Any history, photograph, or dimensions for the 'CAPE CLEAR' , or suggestions for further research, will be much appreciated,
Chris


----------



## Bill Davies (Sep 5, 2007)

John,

Ross was indeed on the Board of Denholms and also Jebsens. I think his relationship with Jebsens went back to Ross's relationship with Atle Jebsens father. 

Brgds
Bill


----------



## tacho (Oct 13, 2007)

Ross Belch does not enjoy universal admiration amongst the marine cognoscenti.


----------



## Bill Davies (Sep 5, 2007)

Tacho,

I have heard that from some quarters and I could detect another side.

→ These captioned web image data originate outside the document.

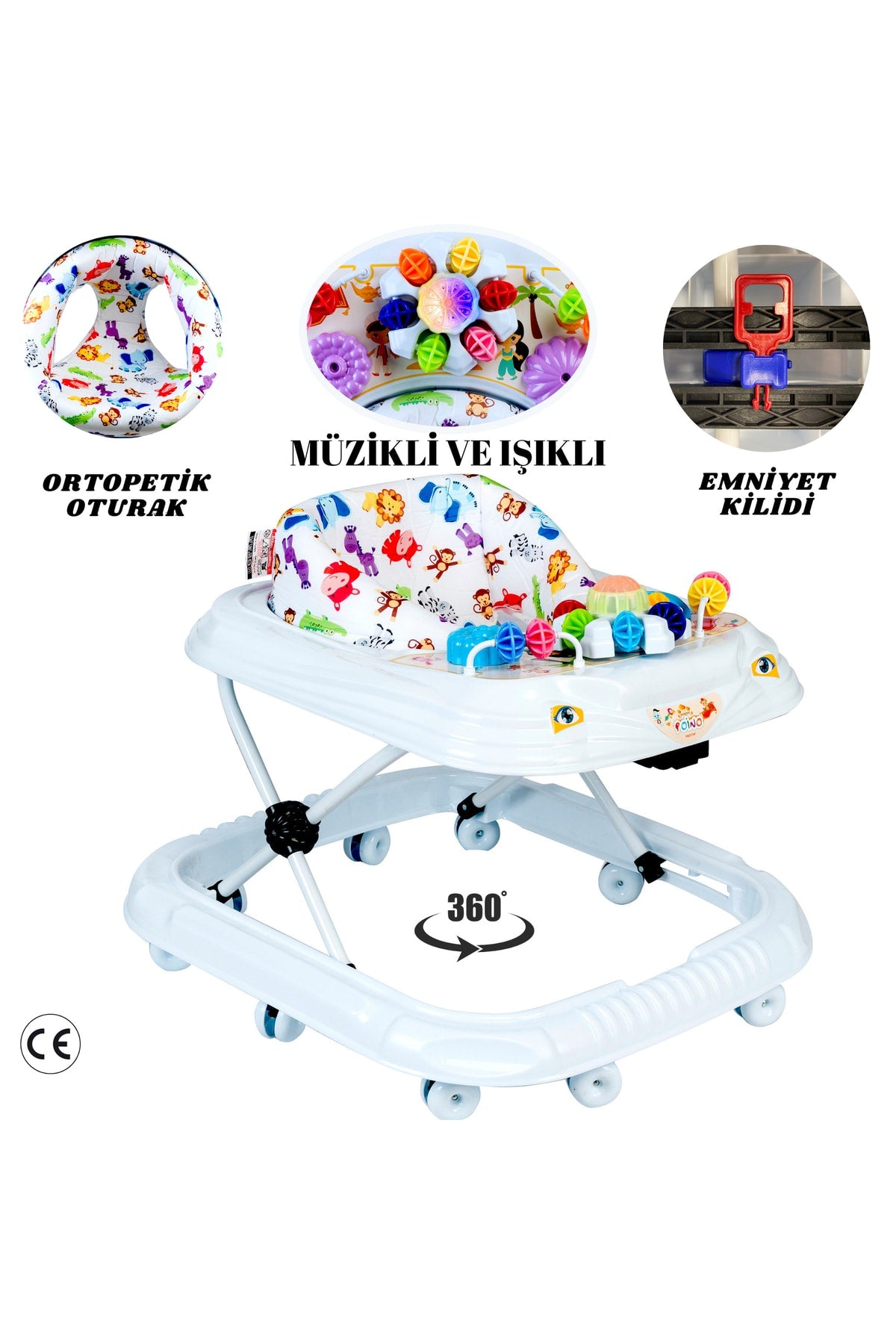 Children'S Equipment Musical And Lighted Walker 10 Foot Spider Model Yrtç22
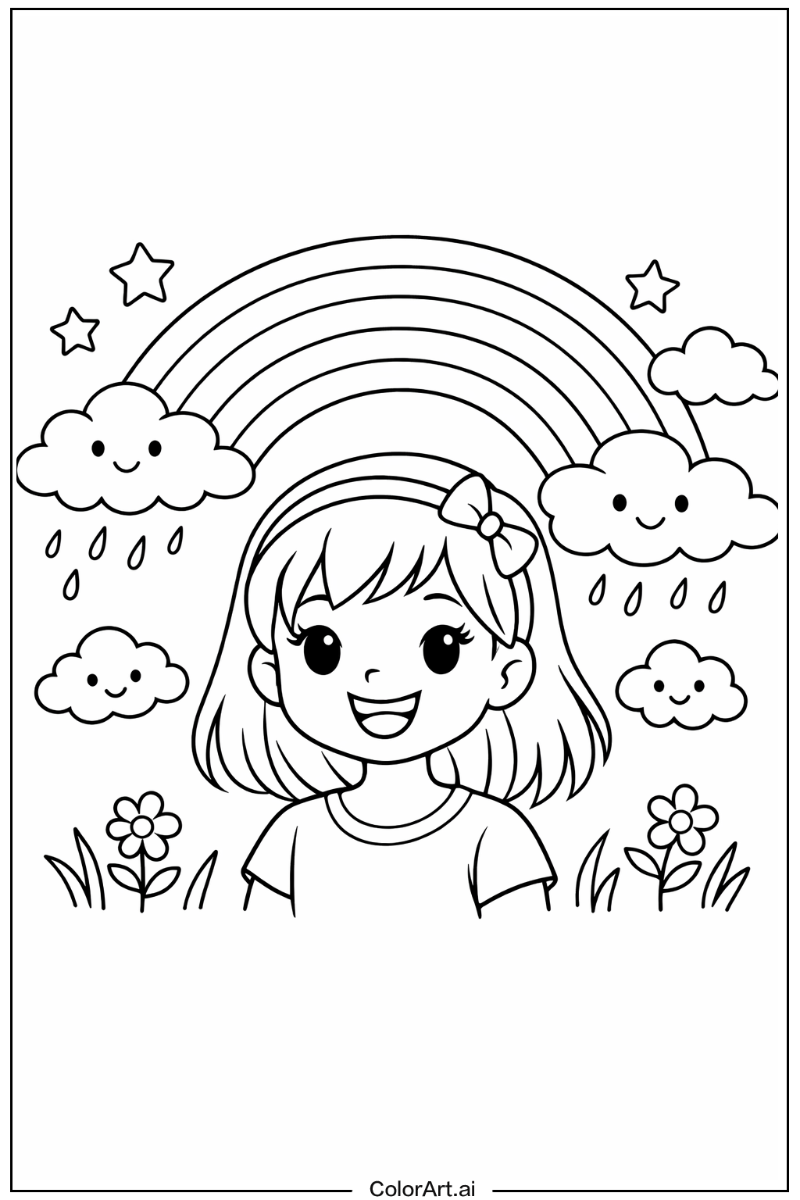 Happy Rainbow Portrait 4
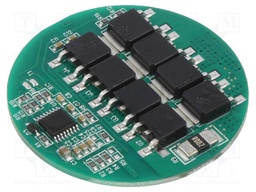 PCB protection; Li-Ion; Ø41x4mm; 20A; 11.1VDC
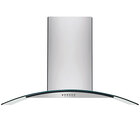 Frigidaire 42'' Convertible 400 CFM Range Island Hood with Glass Canopy - Stainless Steel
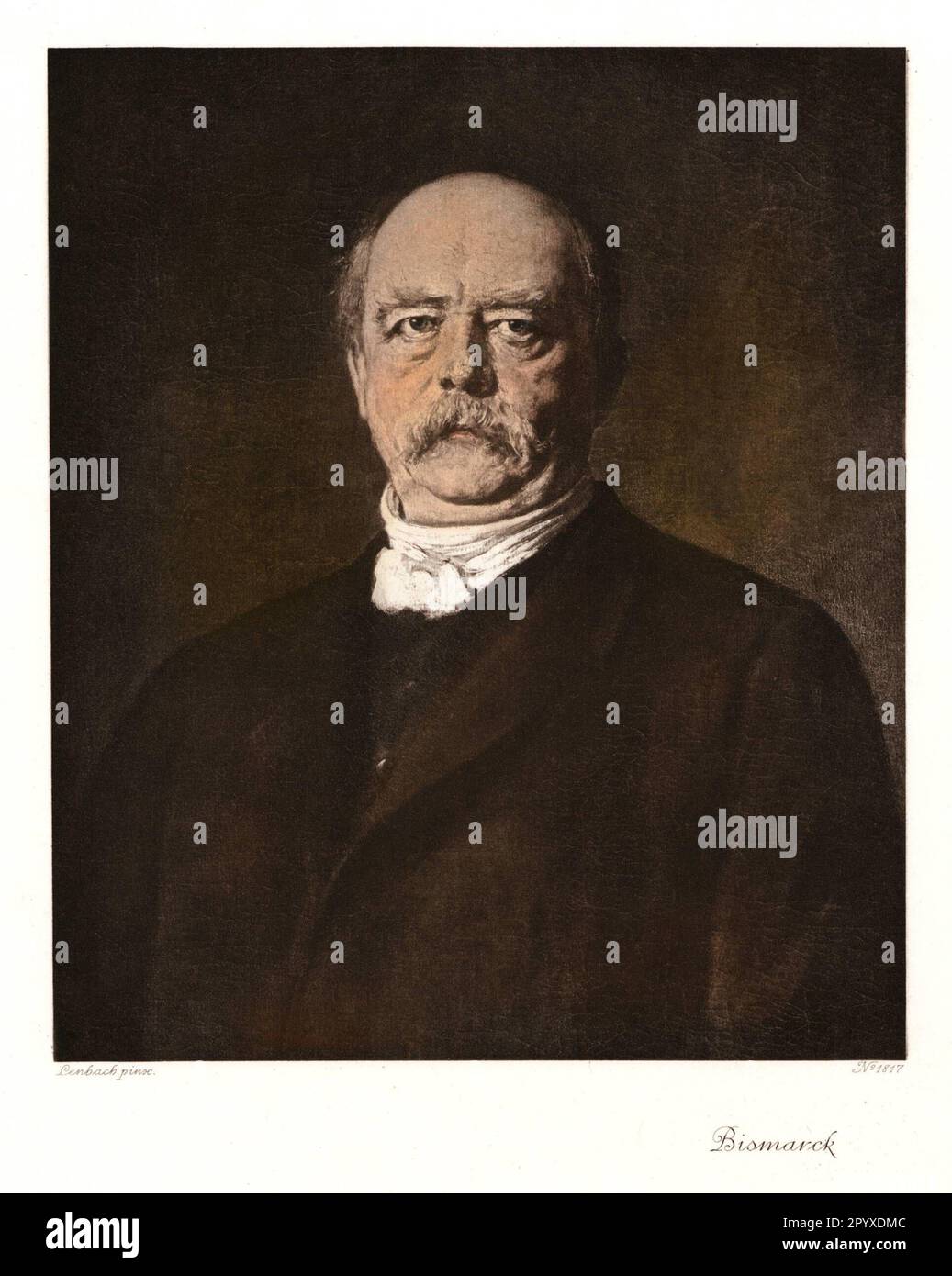 Otto Eduard Leopold Prince von Bismarck (1815-1898), homme politique allemand. Chancelier du Reich allemand de 1871 à 1890 et Premier ministre prussien de 1862 à 1890. Peinture de Franz von Lenbach. Photo: Heliogravure, Corpus Imaginum, Collection Hanfstaengl. [traduction automatique] Banque D'Images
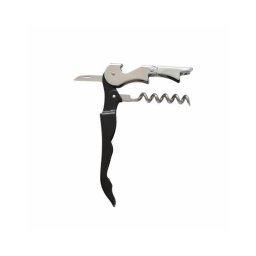 Orava WO-8 karos bor- és sörnyitó, kétfokozatú, praktikus kés, fekete színű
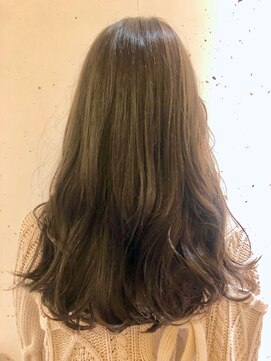 ビーチ(BEACH) 【BEACH/チナツ】小顔ロング＿オリーブカラー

However, I can only speak how I found him.

Brgds

Bill


----------



## marcus (Nov 27, 2007)

As Chris Wood wrote, I'm searching infos and photos fo Mv "Cape Clear" built in 1939 by Lithgows and sank in 1944 after a collision with the "Henry Dearborne" near the Gulf of Suez...
Thanks to everybody!


----------



## Shipbuilder (Jun 30, 2005)

You can find details of CAPE CLEAR by looking in
www.miramarshipindex.org.nz 

CAPE CLEAR
Built 1939 Lithgows 5,085 gross 447ft 5in long 56ft 2 in wide 24 ft 1in deep.
10.5 knots.

Sunk in collision with HENRY DEARBORN (US) 28 21N 33 11E whilst en-route Basra to Hampton Roads All saved.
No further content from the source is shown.